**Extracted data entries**

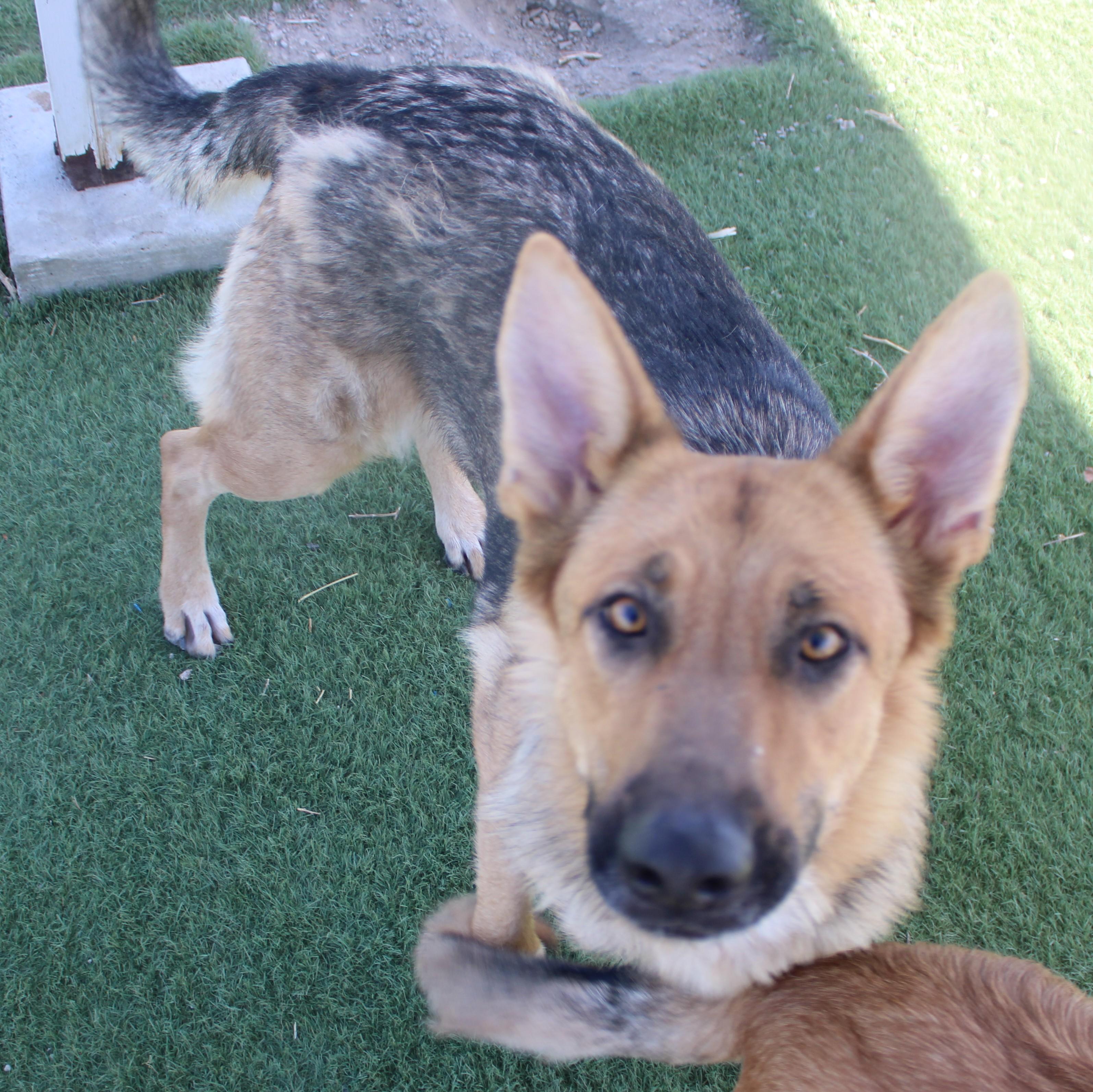 TRENTA ( AVAILABLE 7/20/26), ADOPTABLE, Adult Female German Shepherd Dog.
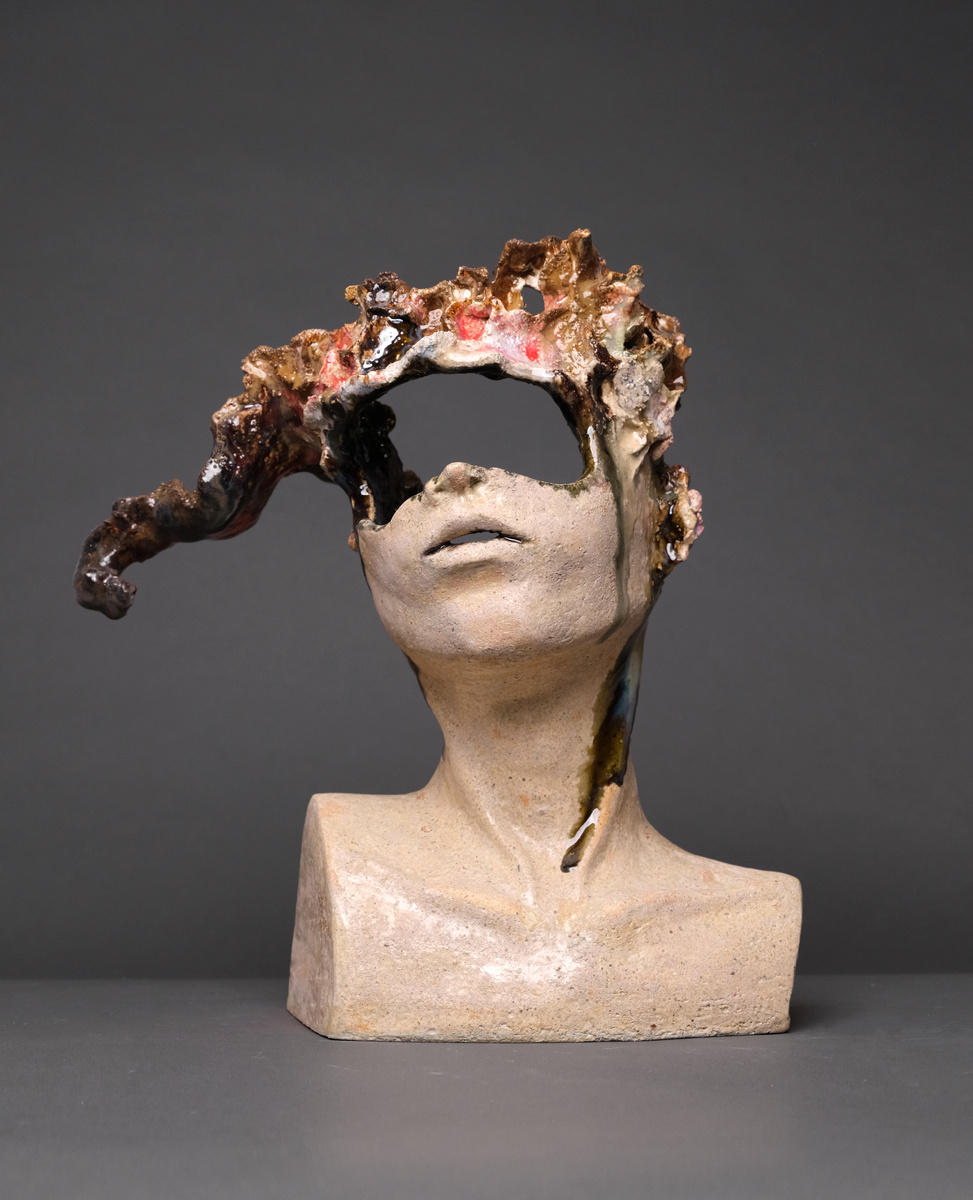 Работа Виктории Севастьяновой "Британская школа дизайна"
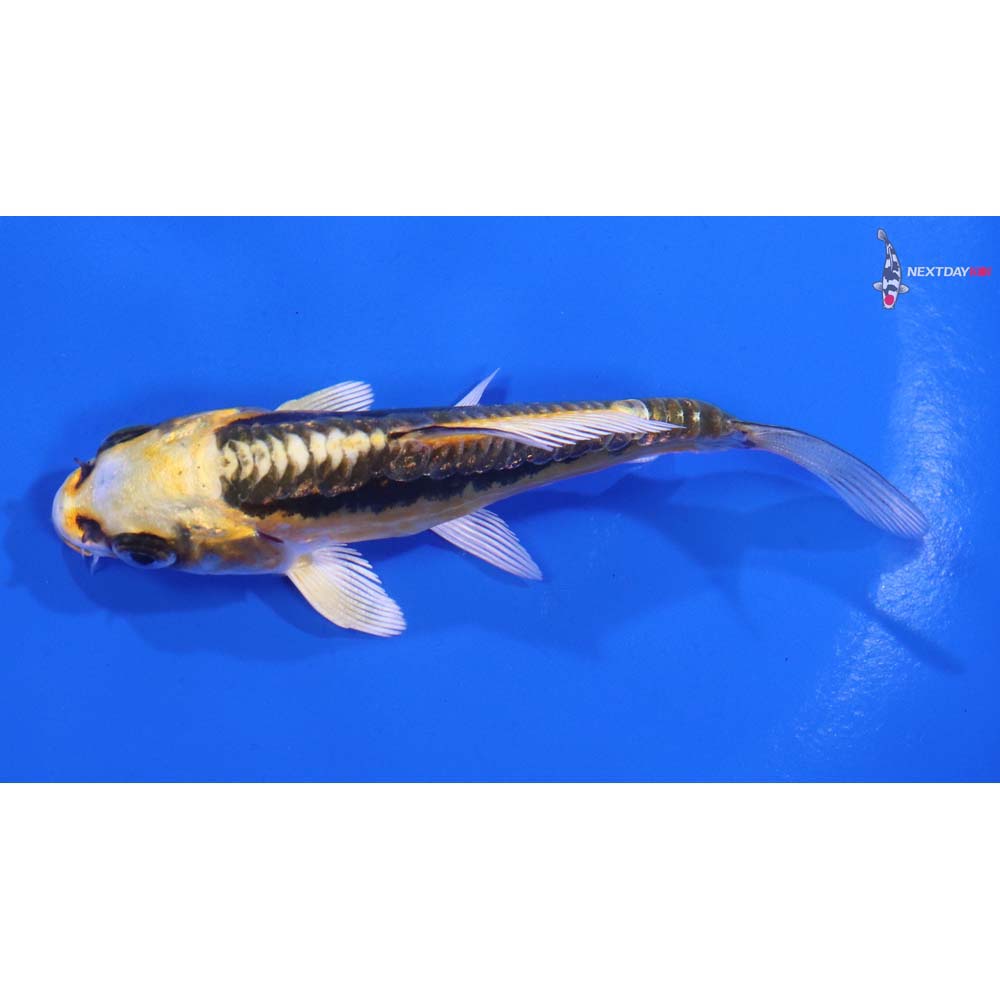 4” Imported Kin Kikokuryu
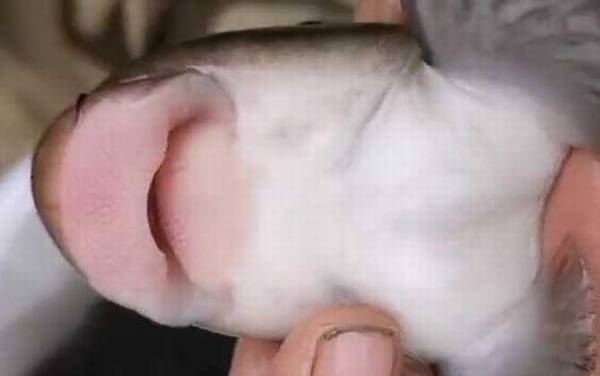 猪嘴鱼是什么鱼?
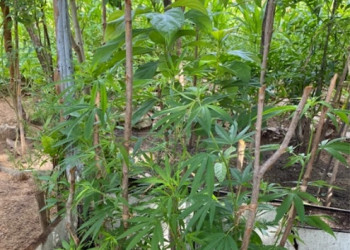 Casal é preso com plantação de maconha no Piauí; droga era usada para “salada”
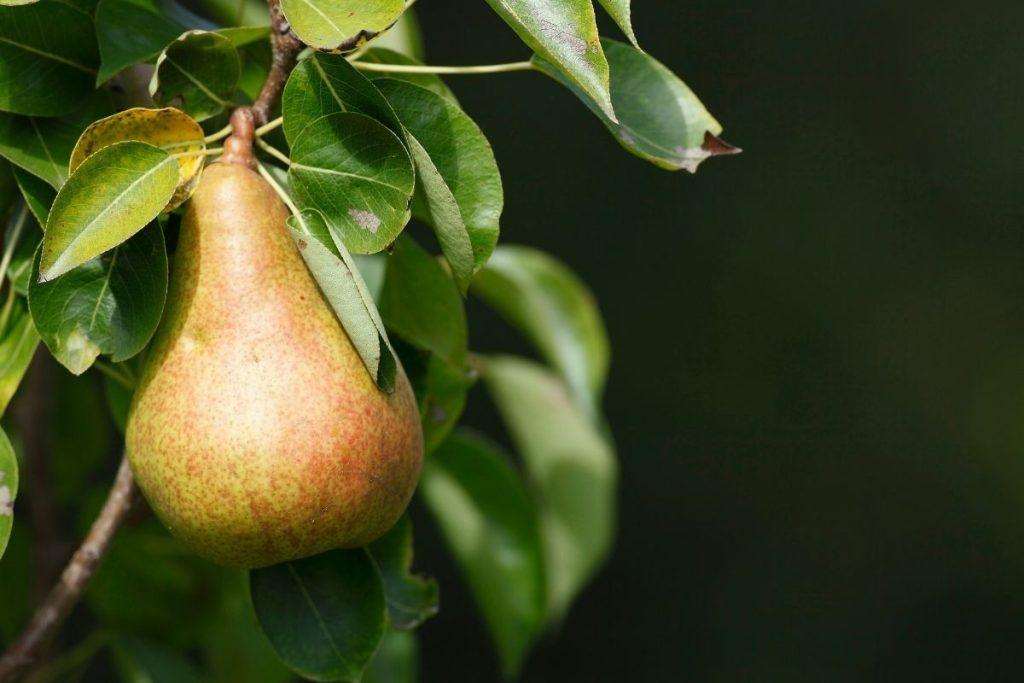 Rudeninė vaismedžių priežiūra: vienas mišinys, kuris maitina ir apsaugo medžius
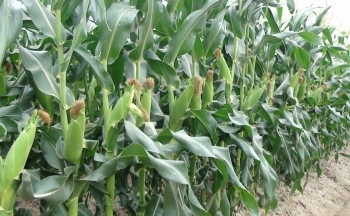 Giá ngô có thể tiếp tục xu hướng giảm, vì sao?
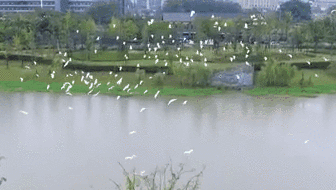 浙江麗水：上千只大白鷺現身市區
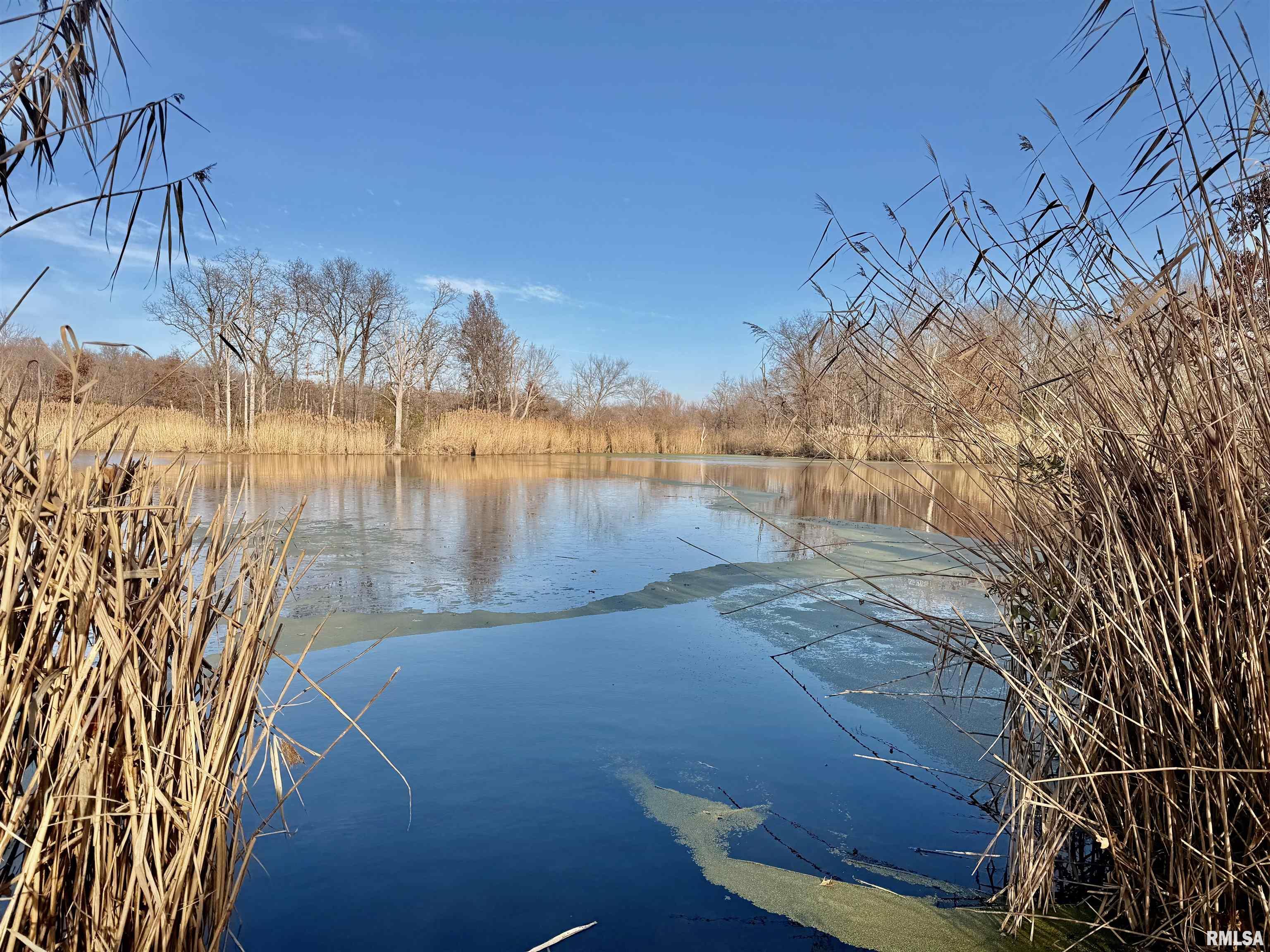 421 Jeff Road Centralia, IL 62801 - Photo 5 of 9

**WHAT TO DO**
Output exactly and only the lines from the line containing "Работа Виктории Севастьяновой" to the end of the entries, both included, and omit every picture.

**EXERCISE ANSWER**
 Работа Виктории Севастьяновой "Британская школа дизайна"
 4” Imported Kin Kikokuryu
 猪嘴鱼是什么鱼?
 Casal é preso com plantação de maconha no Piauí; droga era usada para “salada”
 Rudeninė vaismedžių priežiūra: vienas mišinys, kuris maitina ir apsaugo medžius
 Giá ngô có thể tiếp tục xu hướng giảm, vì sao?
 浙江麗水：上千只大白鷺現身市區
 421 Jeff Road Centralia, IL 62801 - Photo 5 of 9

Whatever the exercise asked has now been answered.